Although the project and its expense have people upset, one of the other issues that came to light at last night's meeting is the fact that by delaying the investigation of the problem the borough may have caused citizens to miss out on opportunities to seek outside funding or loans to help finance the project.
Anna Brose, of 249 West Broad St., said that the first letter she received regarding the problem and explaining that dye testing would be completed in the future was in 2008.
"It has taken three years to have the dye test done. I have a problem with that," she said. "There is no financial aid available. Two years ago, three years ago, there was money available. Now there is nothing."
Brose went on to say that she had received a letter from the borough stating that there was money available through the USDA and through Schuylkill Community Action.
"That money has dried up," she said. "Schuylkill Community Action said their funding dried up two years ago."
Brose said she could take a low interest loan through the borough, but still balked at the cost.
"I have paid a lot of money to the borough, as have a lot of people in this room," she said, referring to the estimated $9,200 she has paid in sewer bills over the last 30 years. "We just can't absorb this amount of money, when this could have been done how long ago and money would have been available," she said.
Borough President Micah Gursky agreed that the situation is not a good one. However, he stood by the borough's process.
"Everyone agrees that it should have been done a long time ago," he said. "Our initial plan was to dye test the properties, but the cost was much higher than we could afford as a borough. That was the delay. We were trying to figure out options, how to figure out who needed to hook up."

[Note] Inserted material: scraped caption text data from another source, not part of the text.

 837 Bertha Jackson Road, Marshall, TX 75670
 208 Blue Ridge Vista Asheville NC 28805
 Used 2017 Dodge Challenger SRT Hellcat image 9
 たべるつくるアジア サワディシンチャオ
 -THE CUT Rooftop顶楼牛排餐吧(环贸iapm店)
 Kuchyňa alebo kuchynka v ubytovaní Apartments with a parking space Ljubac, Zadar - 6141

Gursky also said this is not the first time that the borough has had to deal with properties where the owners believed that they were connected to the public system and were in fact, not.
"It happens from time to time," he said. "Unfortunately, everyone is required to hook up."
Councilman Tom Cara said that the borough was willing to "let this thing go on because we didn't want to put the burden on you." However, Gursky disagreed.
"You can't flush your toilet into the creek," he said.
Resident Kevin Kellner, who lost his home at 5 South Lehigh St. in a fire on July 5, was one of the property owners who was notified that he was not connected. Kellner said that his lawyer had advised him that the residents will be required to pay to connect to the sewer, however, he told him that he should recoup the money that he has paid to the borough over the years in sewer bills.
Gursky said that the borough has "been down that road before" and does not expect that the borough will be required to reimburse residents. Kellner also asked why DEP has not been held accountable for the cleanup of local waterways, including the Wabash and the Panther Creek.
Another unfortunate issue with the timing of the project has to deal with the Streetscape project that was recently completed along sections of Broad Street. Many of the property owners will be required to dig through the new sidewalks and pavers and replace them in order to connect to the sewer main.
"Yeah, we're kicking ourselves because we're going to have to cut into new sidewalks," said Gursky.
One resident could be looking at an even larger project. Daniel Lattanzi, of 403 E. Broad St., is facing an estimated $25,000 in bills as he would need to connect to a main located on the other side of Broad Street, which would necessitate digging all the way across Route 209. Lattanzi has lived at the seven unit apartment complex since 1950 and owned it since 1962. Although he said he could pursue a cheaper alternative and install a grinder pump and avoid crossing 209, he has no control over what is going into that pump and is not willing to risk incurring more expense for the continual upkeep of the pump.
"I can't get a bit of help. We've been hung out to dry," he said, calling it a "moral issue."
"I feel the borough should do something," he added.
Another resident, Maria Burke, of Rowe Street, asked what will happen to residents who cannot comply with the Aug. 31 deadline. Burke expressed the frustration that many residents feel at being told they are breaking the law.
"I don't want my crap going in the freaking creek. Who does? We want to do the right thing," she said, but she indicated that with a newborn at home, she may not be able to find the money and additionally, trying to find a plumber to complete the work by Aug. 31 is going to be difficult with more than 40 properties needing to be addressed.
"We're begging you," she said to council members, "be an advocate for us."
Councilman Brian Connelly said that the borough will contact other offices, including U.S. Rep. Tim Holden, to see if there is any aid that can be made available to residents.
However, he and other council members are not optimistic that funding will be forthcoming, especially not by the Aug. 31 deadline.
Borough manager Kevin Steigerwalt said that the borough will definitely need to ask DEP for an extension. The Tamaqua Public Library has already missed its deadline to connect to a lateral on a neighboring property and will need to look at another alternative.
Steigerwalt said that DEP has been advised of that situation and has not approved or denied an extension request, it has just asked that it be corrected as soon as possible.